88 In my opinion the individual sentences and the degree of cumulation were manifestly inadequate. The maximum penalty for the offences of false accounting and obtaining financial advantage by deception is ten years' imprisonment and I regard the respondents offences of false accounting and obtaining financial advantage by deception as serious examples of the offences. The amount of money involved and the brazen and calculated manner in which the offences were carried out allows for no other conclusion. The respondent traded on his good reputation and lied to CBA in order to obtain a credit facility for $1.5 million which he surely knew that he would not have obtained if the truth were known.
89 Bearing in mind the principle of double jeopardy which applies to a Crown appeal, I would re-sentence the respondent on each of counts 1 and 2 to imprisonment for a term of 18 months and on count 3 to imprisonment for a term of three years. Count 4 is in some respects a worse offence than counts 1 and 2, in that it involves the falsification of a public document, and I consider that the difference in criminality should be reflected in a greater sentence. On count 4 therefore I would re-sentence the respondent to imprisonment for a term of two years. I consider, however, that the nature and gravity of count 5 is of similar order to count 3 and therefore on count 5 I would re-sentence the respondent to imprisonment for a term of three years and I would re-sentence the respondent on count 6 to imprisonment for a term of three years.

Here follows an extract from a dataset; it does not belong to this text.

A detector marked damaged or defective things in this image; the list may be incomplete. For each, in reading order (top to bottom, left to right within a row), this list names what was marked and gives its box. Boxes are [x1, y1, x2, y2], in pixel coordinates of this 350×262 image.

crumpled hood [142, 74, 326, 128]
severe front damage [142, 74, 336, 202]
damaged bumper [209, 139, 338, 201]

90 Again bearing in mind the principle of double jeopardy, but conscious that counts 4 and 5 were as a group separate and distinct from counts 1, 2 and 3 and that count 6 stands separate from all other offences, I would order that six months of the sentence imposed on count 5 and six months of the sentence imposed on count 6 be served cumulatively on the sentence imposed on count 3 and on each other; thereby making for a total effective sentence of four years.
91 Having regard to the applicant's general good character and the finding of the judge as to the prospects of rehabilitation, and as to the circumstances in which the offences were committed, I consider that it is in order to set a shorter than usual non parole period and so I would order that the respondent be eligible for parole after serving two years' imprisonment.